United States District Court, M.D. Georgia, Valdosta Division

August 27, 2019

SAMANTHA WILLIAMS, Plaintiff,
v.
TRISTAR PRODUCTS, INC., Defendant.

          ORDER

          HUGH LAWSON, SENIOR JUDGE

         Plaintiff Samantha Williams filed this products liability and personal injury action after a pressure cooker manufactured by Defendant exploded in her kitchen, causing severe personal injuries. Before the Court is Defendant's Motion for Summary Judgment (Doc. 37), as well as several pending Motions in Limine: (1) Defendant's Motion in Limine to Exclude the Opinions of Dr. Pratt (Doc. 35); (2) Plaintiff's Motion in Limine to Exclude the Opinions of Dr. Giachetti (Doc. 36); and (3) Plaintiff's Motion in Limine to Exclude the Opinions of Dr. Barnett (Doc. 38). The Court held a hearing on these motions on April 30, 2019.

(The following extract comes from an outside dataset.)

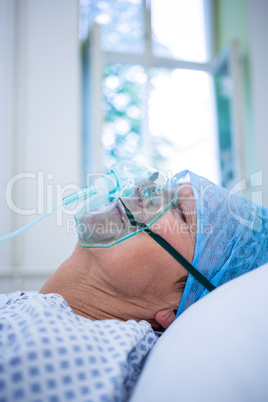 Patient wearing oxygen mask lying on hospital bed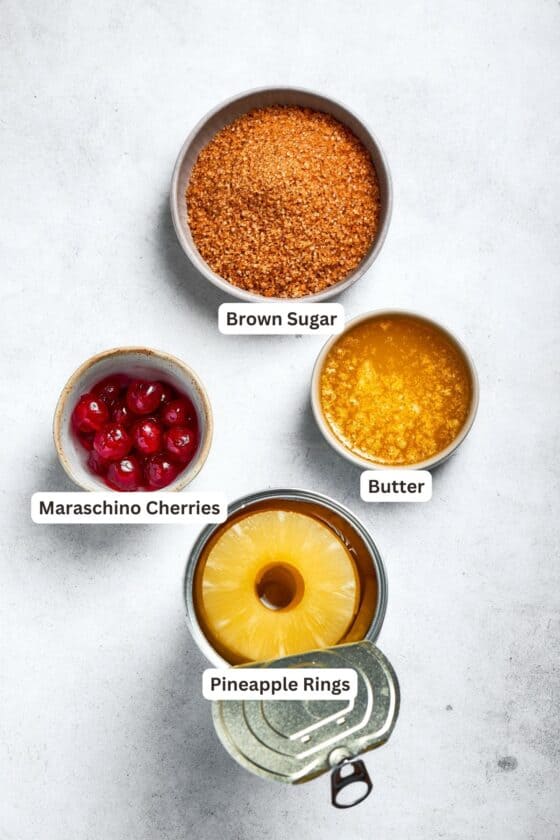 Topping ingredients are shown: pineapple rings, butter, brown sugar, cherries.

         I. FACTUAL SUMMARY

         The incident in question occurred on February 14, 2017, as Plaintiff Samantha Williams was alone in her home in Lakeland, Georgia. (Doc. 41, ¶¶ 1, 37). Plaintiff was cooking beef stew in her PC-WAL1/TRI-6 six-quart pressure cooker when she alleges the device's hot contents and steam were expelled onto her, causing significant burn injuries. (Id. at ¶ 2). The specific PC-WAL1/TRI-6 cooker at issue was a model 1305 and was manufactured in May 2013. (Doc. 47-1, ¶ 24); (Doc. 38, p. 7). Plaintiff's mother purchased the cooker in approximately October or November of 2016 from a local Wal-Mart store in Douglas, Georgia and gave it to Plaintiff as a Christmas gift on December 24, 2016. (Doc. 1-1, ¶¶ 10-11).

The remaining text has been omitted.